The advent of low natural gas prices as a result of the shale revolution led to a major structural shift from coal to gas in the power markets. Based on EVA’s proprietary Power Plant Tracking Database, almost 47 GW of gas-fired capacity has been added till date starting 2012. Nearly 13 GW of new gas capacity additions took place in the last four quarters across the lower 48, of which 11.7 GW were CCGTs whereas the remaining 1.3 GW were combustion turbines.
The new capacity added over the last four quarters would draw close to 1.5 BCFD of natural gas to produce power. But the overall impact on natural gas demand will be offset by gas-on-gas competition where the new – more efficient units would displace the older- less efficient gas-fired units. EVA projects this impact to be at 0.85 BCFD at current gas prices, but this impact could vary in the range of 0.75 to 1.00 BFCD depending on gas price movement.
Major gas on gas competition can be seen in ERCOT at current gas prices, where the inefficient gas units cannot compete with coal plants burning either cheap PRB coal or mine-mouth lignite, thereby getting displaced by efficient new units.

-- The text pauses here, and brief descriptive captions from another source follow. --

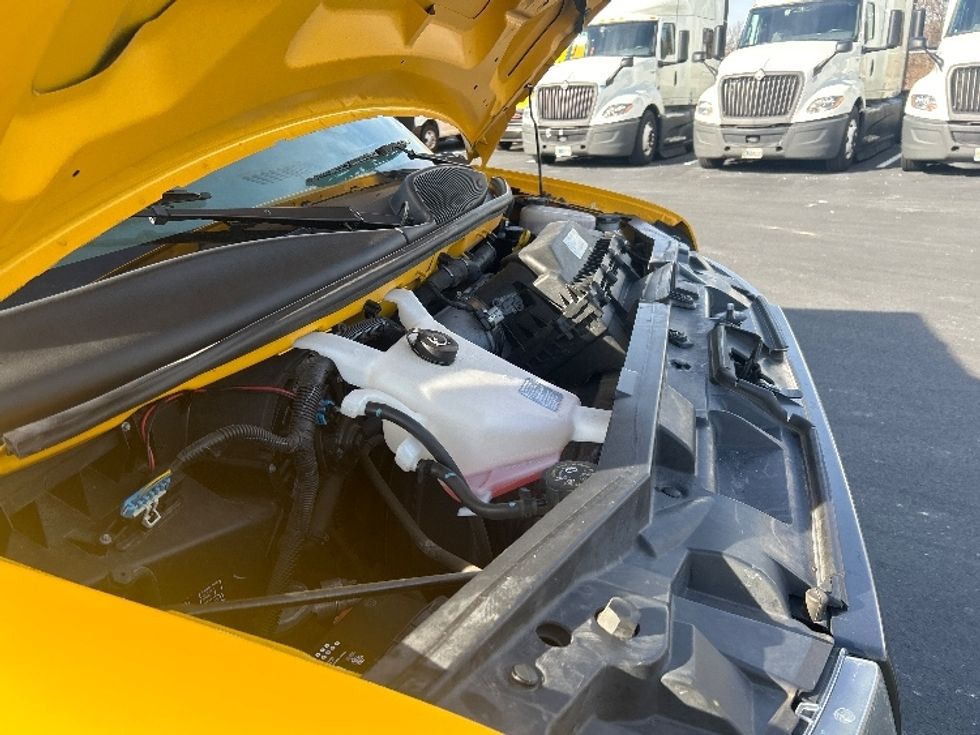 Light Duty Box Truck-Light and Medium Duty Trucks-GMC-2021-Savana G33503-Louisville-KY-122,156\n\t\tmiles-$ 23,250 - Image 23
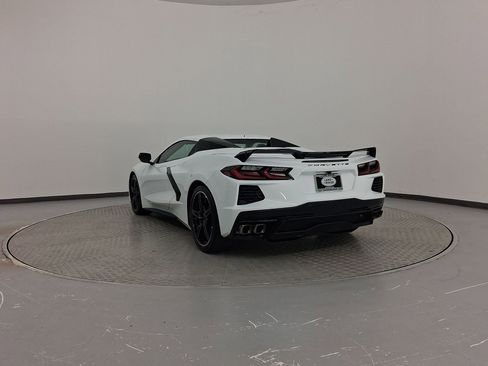 Used 2021 Chevrolet Corvette 3LT w/ Z51 Performance Package image 3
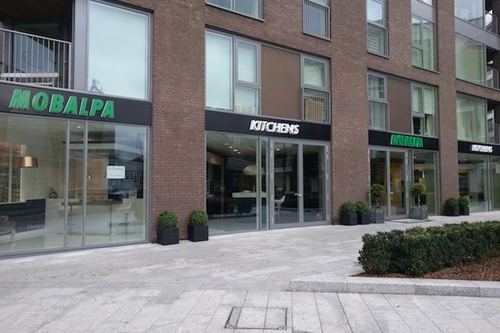 Ground floor and mezzanine, 2 Park Street, Chelsea &mdash; photograph 2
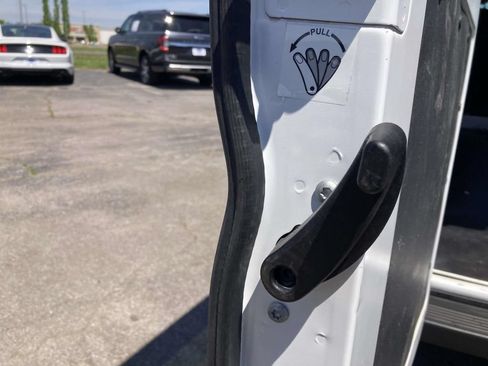 Used 2023 RAM ProMaster 2500 FWD image 16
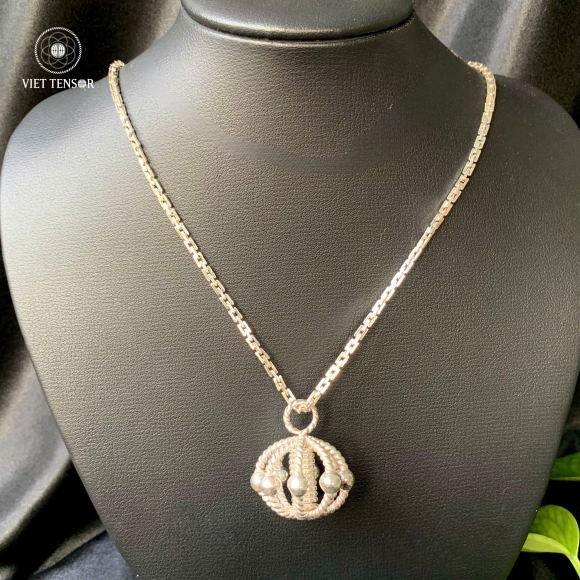 Harmonizers face and silver wire combo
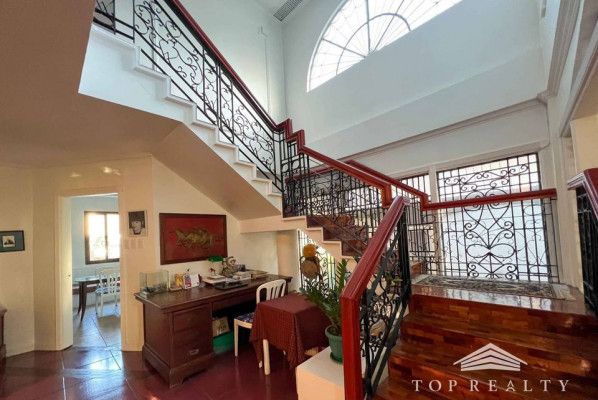Capitol Hills Golf Subdivision | Well Maintain 3 Bedroom 3BR Modern French style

This results in almost 0.22 BCFD of gas burn being offset.
Similarly, in ISO-NE, where very little coal-fired generation exists, new units would displace older gas-fired units especially because the lack of demand growth is unable to absorb the new generation into the supply mix.
PJM and FRCC also experience significant gas on gas competition offsetting nearly 40% of new gas demand.